Rediscovered French Culinary Treasures: Pork Chop à la Carême
Don't forget about the old people and the things from the past
Look, I'm not saying I'm some kind of culinary archaeologist, but when I stumbled across this newly translated French cookbook from the 1840s, something hit different.
This isn't just any dusty collection of recipes. This is Marie-Antoine fucking Carême—the OG first celebrity chef who was feeding emperors and kings while most cooks were still figuring out not to burn water. The translation just dropped in 2024, but the techniques? Pure 19th-century culinary warfare.
I wrote an article about him and a pastry he invented
“From Palace to Apartment: A Story of Vol-au-Vent”
Part II: Vol Au Vent.... a lesson and story - on the man Marie-Antoine Careme and one of his inventions.
THE THING ABOUT OLD COOKBOOKS
They don't write cookbooks like this anymore. Today it's all "15-minute meals" and "5-ingredient weeknight dinners." Nothing wrong with that, but there's something about these old-school texts that feels like getting high-level intelligence briefings from culinary ghosts.
Reading Carême is like watching someone explain how to build a Ferrari when everyone else is still riding horses. The level of detail, the obsession with technique—it's fucking beautiful. And it makes you wonder: what else have we lost along the way?
Your grandma probably had techniques that would make a Michelin-starred chef weep. But did she write them down? Did anyone ask before she was gone? Probably not. We're too busy watching 30-second cooking videos and thinking we know shit.
Talk to someone who cooked before there was an internet. Before you could Google "how to make bread." Before cooking became content. Their knowledge isn't optimized for algorithms—it's optimized for feeding people well.
Or better yet, find an old cookbook. Not the pristine collector's item kind. The battle-scarred veteran with stained pages and cryptic margin notes that say things like "more butter!!!" and "NOT THIS WAY" in angry grandma handwriting.
That's where the real shit is.
So I decided to riff on one of Carême's techniques. Nothing too pretentious—just a bone-in pork loin chop with a breading station setup. AP flour, egg wash, panko for that satisfying schnitzel crunch. Classic technique, executed well.
But the sauce? That's where things got interesting.
What I created was my interpretation of what seems to be sauce Duchambais—at least a bastardized, modern version of it as I saw. The book's description was loose as hell, and when I tried researching online, I got conflicting info. Classic case of culinary telephone stretching across two centuries. So is this Duchambais? Maybe not— but FUCK IT.
I made mine with crème fraîche, a gastrique using shallots and tarragon stems, and this ridiculous strawberry vinegar from Acid League. Threw in some algae oil and mushroom oil because why the fuck not? Finished with fresh chopped tarragon.

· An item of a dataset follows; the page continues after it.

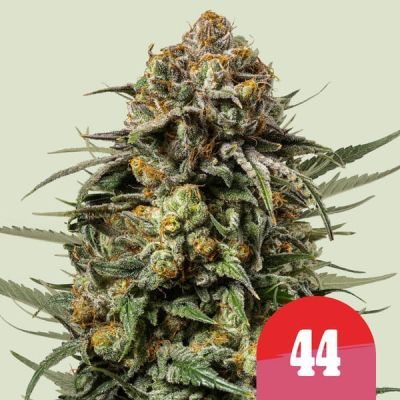 Gelato 44 Feminisiert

Did Carême use mushroom oil? Let’s be real— no. But he would've if he could.
Posted this on IG thinking maybe my usual crowd would dig it. Woke up to 100K views. WHAT?
Watch Video Below
WHY THIS MATTERS
Here's the thing that fucks me up about cooking from old books: I'm literally putting my hands in the same ingredients, going through the same motions as some cook in a dimly lit kitchen in 1840s France. Except they didn’t have AC or a proper fridge, they didn’t have the nice blender or the fancy pizza oven.
There's something almost supernatural about that connection. Carême probably stood over a sauce like this tasting and adjusting, cursing under his breath when something wasn't right. Just like I did. Just like you will.
Food isn't just fuel. It's not content. It's not even just culture. It's a time machine, it’s how we connect with the past.
So next time you're scrolling through recipes looking for something "innovative," remember that innovation sometimes means looking backward. Talk to your elders. Read old books. The good stuff isn't always new. Sometimes it's just been forgotten.